Welche Fische können zu dieser Zeit gefangen werden?
Welche Ausrüstung sollte man mitbringen?

Würde mich freuen, wenn jemand Auskunft darüber geben könnte, da wir aus Bayern kommen und einmal Quer durch Deutschland müssen, sollten wir schon alles davor planen.


----------



## nobbi1962 (26. Dezember 2014)

*AW: Angeln in der Nordsee*

Moin Moin und Servus#h

Könnte man euch auch überreden an die Ostsee im April zu fahren?

Da ist das Wasser immer da und auch noch schöne Brandungszeit


mfg nobbi


----------



## Baum1309 (26. Dezember 2014)

*AW: Angeln in der Nordsee*

Hi,


wo wollt ihr den ungefähr hin? Schleswig Holstein oder Niedersachen? Ich selbst bin begeisterter Brandungsangler aus HH, mache aber um die Nordsee einen großen Bogen (ausnahme Dänemark). Hauptsächlich aus 2 Gründen:
- der Salzgehalt für das Material
- und die Tide

Das Problem, dass du an den Stränden in S-H ist, dass das Wasser einfach für 6 Stunden weg ist und du mitlaufen müsstest. Wenn ihr wirklich einen Angelurlaub am Meer machen wollt, würde ich euch die Ostsee empfehlen. Dort sind die besten Monate auf Dorsch und Flunder März-Mai und Oktober-Dezember in der Dunkelheit. Als Spot kann ich euch Fehmarn empfehlen, dort ist man immer gleich im Wind, egal von wo er kommt und als alternative gibt es in Ostholstein auch die eine oder andere Seebrücke wie Dahme oder Pelzerhaken falls es mit dem werfen nicht klappt und der Frust zu groß wird.
Als Ausrüstung Dreibein, Stationärerollen mit ca 200m 0,40mm Fassung, und Ruten mit Wurfgewicht bis ca 250g oder zumindest 200g. Am besten Brandungsrute, bei ruhigem Wetter geht auch ne Heavy Feder. Alternativ kann man zu der Jahreszeit auch den Meerforellen mit der Spinnrute nachstellen.

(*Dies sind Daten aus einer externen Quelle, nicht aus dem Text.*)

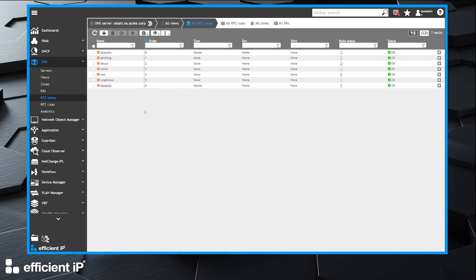meaning they are managed by the Solid Server. Some of them are slaves, meaning they are coming from an external provider or another server.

Oder wenn es unbedingt die Nordsee sein soll, dann nach Dänemark Richtung Hvide Sande


----------



## SiggiSorglos (26. Dezember 2014)

*AW: Angeln in der Nordsee*

Wenn ihr aus Bayern kommt dann fahrt zur Ostsee.  Am besten nach Fehmarn.  Da gibt's immer was zu holen.  Es sind bessere Bedingungen als an der Nordsee.  Egal woher der wind kommt es gibt immer einen guten Strand. Ein paar sachen würde ich beachten:
1. Angelfuehrer kaufen und zwar einmal brandungsangeln und Fehmarn. Beide von der rapsbande. Sind jeden Cent wert. 
2. Mondphase abpassen. Heller Mond ist gift für Dorsch. 
3.nicht geizig mit Würmern sein.  100 sollten es schon sein pro abend. Alle 20min koder wechseln. Und wenn es richtig beißt dann kann das auch mit hunder Würmern sehr eng werden.  Wir haben schon über 40 Fische am Abend gehabt. Da sind die ganz schnell weg. Und wenn ihr so weit fahrt ist da an der falschen Stelle gespart. 
4.mindestens 3 verschiedene Systeme mitnehmen.  
-Haken oben
-Nachlauefer
-Doppelhaken
Von jedem System mindestens drei Stück
5. Würmer vor bestellen.  Sonst kann es mal vorkommen das ihr ohne Köder da steht. Das kommt öfter vor als ihr denkt. 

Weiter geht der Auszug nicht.